- **ASSIGNMENT**: Nothing but the records themselves, exactly as written and free of pictures, should appear in your response.

- **EXTRACTED DATA**:
◇ ◇ ◇

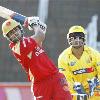 Royal Challengers Bangalore s Virat Kohli plays a shot as Chennai Super Kings  MS Dhoni looks on  during their IPL match in Durban on Thursday   AP Photo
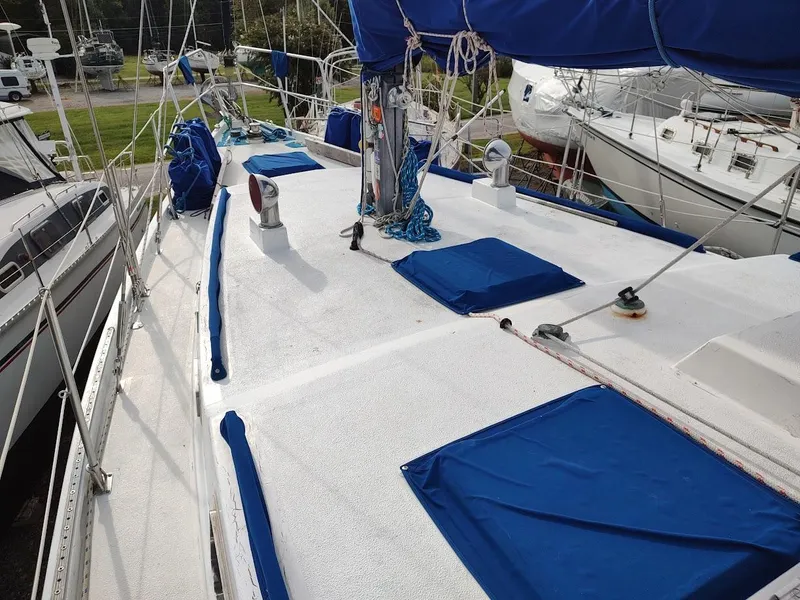 Slide: The Image of Sailboat deck of 1981 Bruce Roberts 450 with blue covers and rigging. - 16
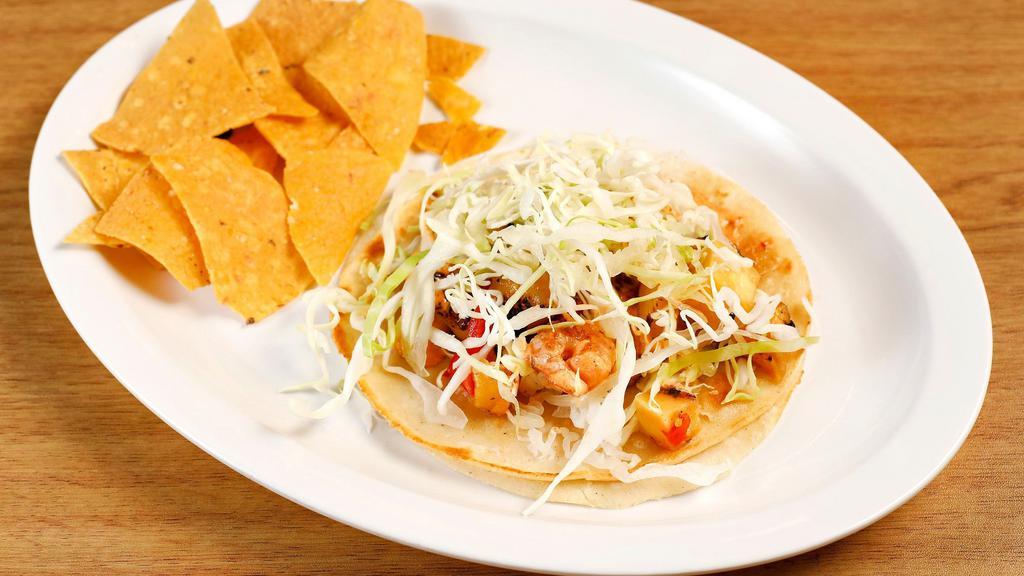 Shrimp · Our famous grilled shrimp taco served in a soft corn tortilla with cabbage, chipotle sauce and pineapple salsa.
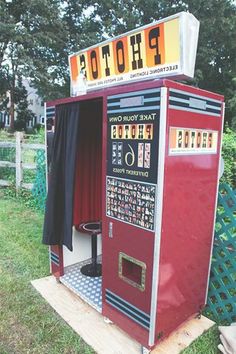 an old fashioned photo booth sitting in the grass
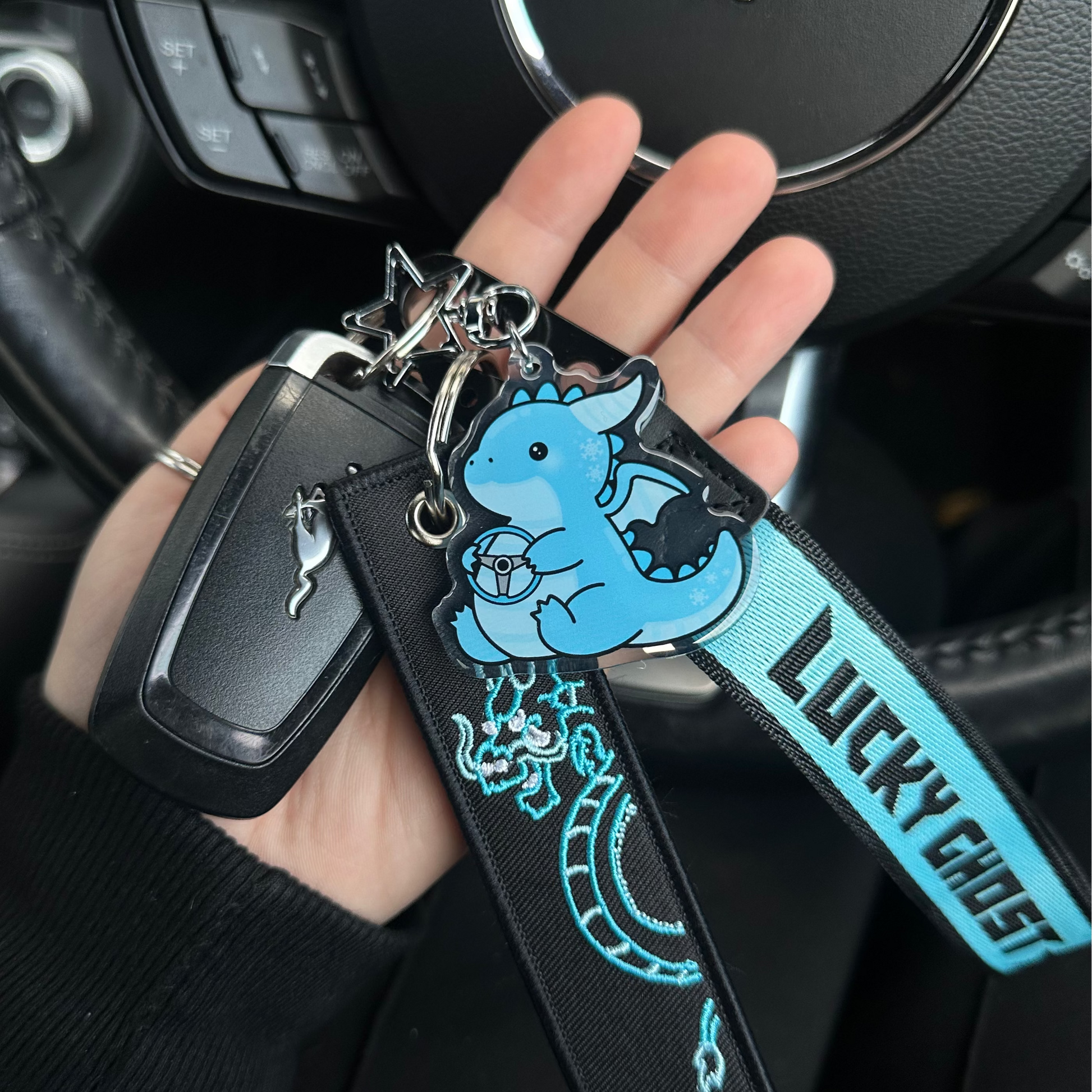 Hand holding a keychain with a blue ghost design in front of a car steering wheel with a Mustang logo.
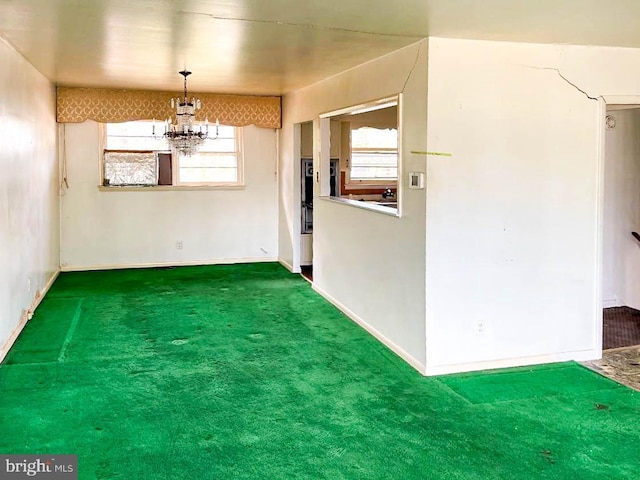 unfurnished dining area featuring an inviting chandelier and carpet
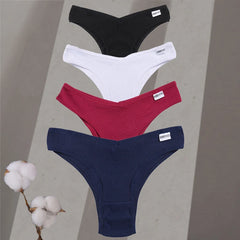 Four pairs of men's underwear in black, white, red, and blue on a gray background with cotton plant.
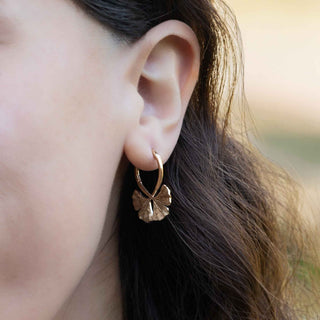 Close-up of an ear wearing a bronze earring with a blurred natural background
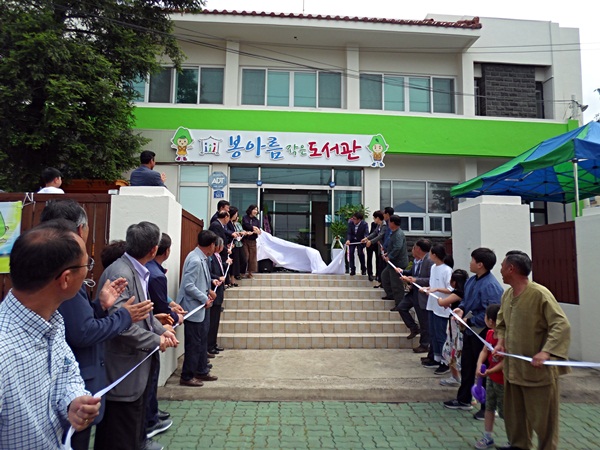 봉아름 작은 도서관 개관식에 참석한 내빈들이 개관텦을 끊고 있다.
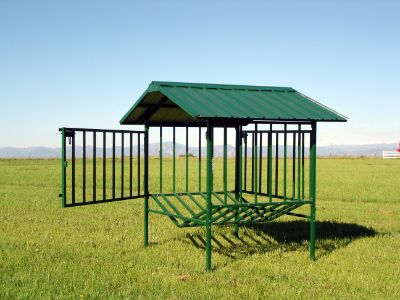 a green metal structure in the middle of a grassy field with a red truck behind it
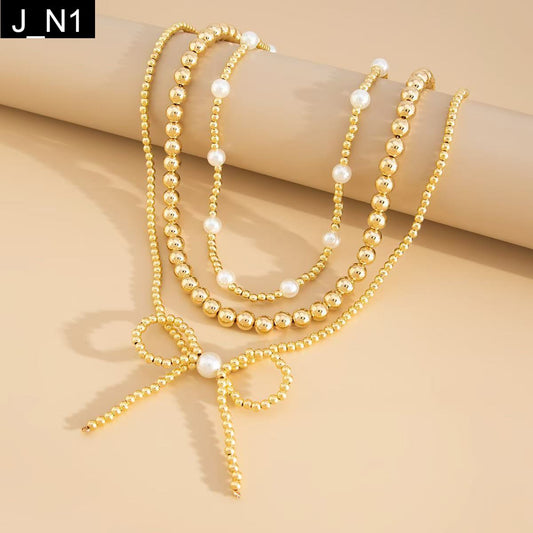 Midas Bow Necklace
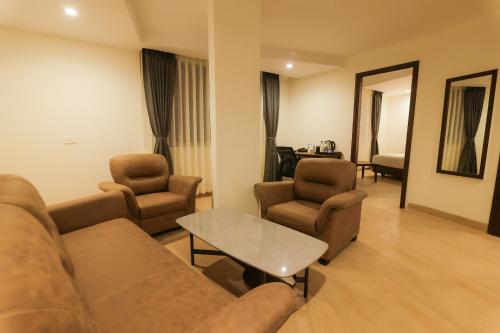 a living room with a couch and two chairs and a table at Hotel Vedanta Pride Hubballi in Hubli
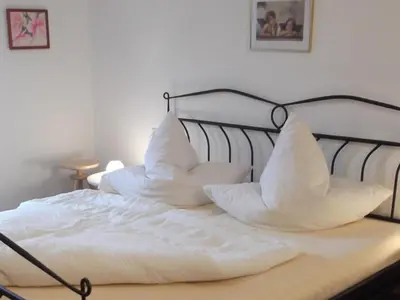 Ein Bett oder Betten in einem Zimmer der Unterkunft Apartment Apartment mit Königscard für 4 Personen by Interhome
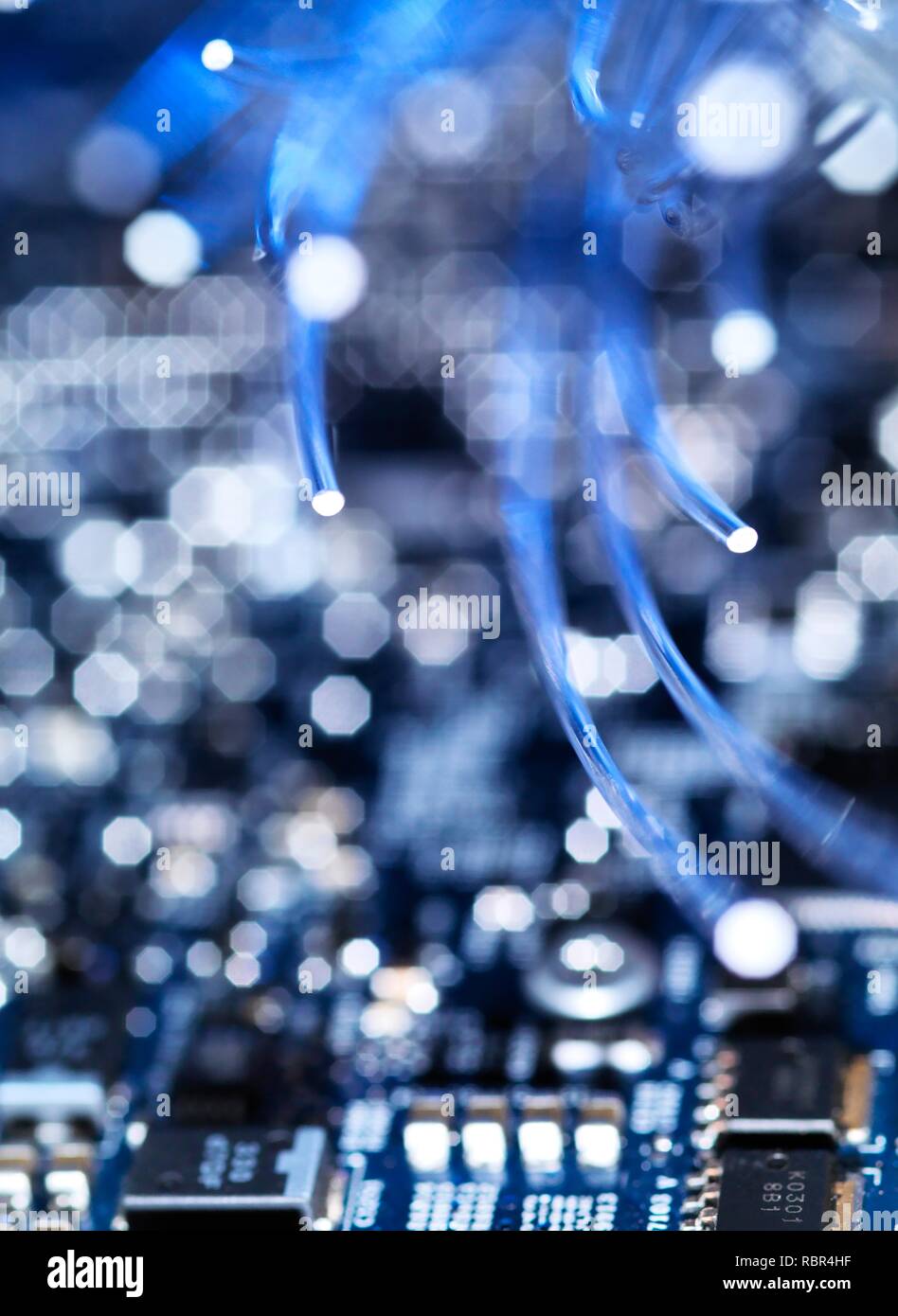 Fibre optics carrying data over electronic circuitry on a laptop computer. Stock Photo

◇ ◇ ◇

- **SOLUTION TO THIS EXERCISE**:
 Royal Challengers Bangalore s Virat Kohli plays a shot as Chennai Super Kings  MS Dhoni looks on  during their IPL match in Durban on Thursday   AP Photo
 Slide: The Image of Sailboat deck of 1981 Bruce Roberts 450 with blue covers and rigging. - 16
 Shrimp · Our famous grilled shrimp taco served in a soft corn tortilla with cabbage, chipotle sauce and pineapple salsa.
 an old fashioned photo booth sitting in the grass
 Hand holding a keychain with a blue ghost design in front of a car steering wheel with a Mustang logo.
 unfurnished dining area featuring an inviting chandelier and carpet
 Four pairs of men's underwear in black, white, red, and blue on a gray background with cotton plant.
 Close-up of an ear wearing a bronze earring with a blurred natural background
 봉아름 작은 도서관 개관식에 참석한 내빈들이 개관텦을 끊고 있다.
 a green metal structure in the middle of a grassy field with a red truck behind it
 Midas Bow Necklace
 a living room with a couch and two chairs and a table at Hotel Vedanta Pride Hubballi in Hubli
 Ein Bett oder Betten in einem Zimmer der Unterkunft Apartment Apartment mit Königscard für 4 Personen by Interhome
 Fibre optics carrying data over electronic circuitry on a laptop computer. Stock Photo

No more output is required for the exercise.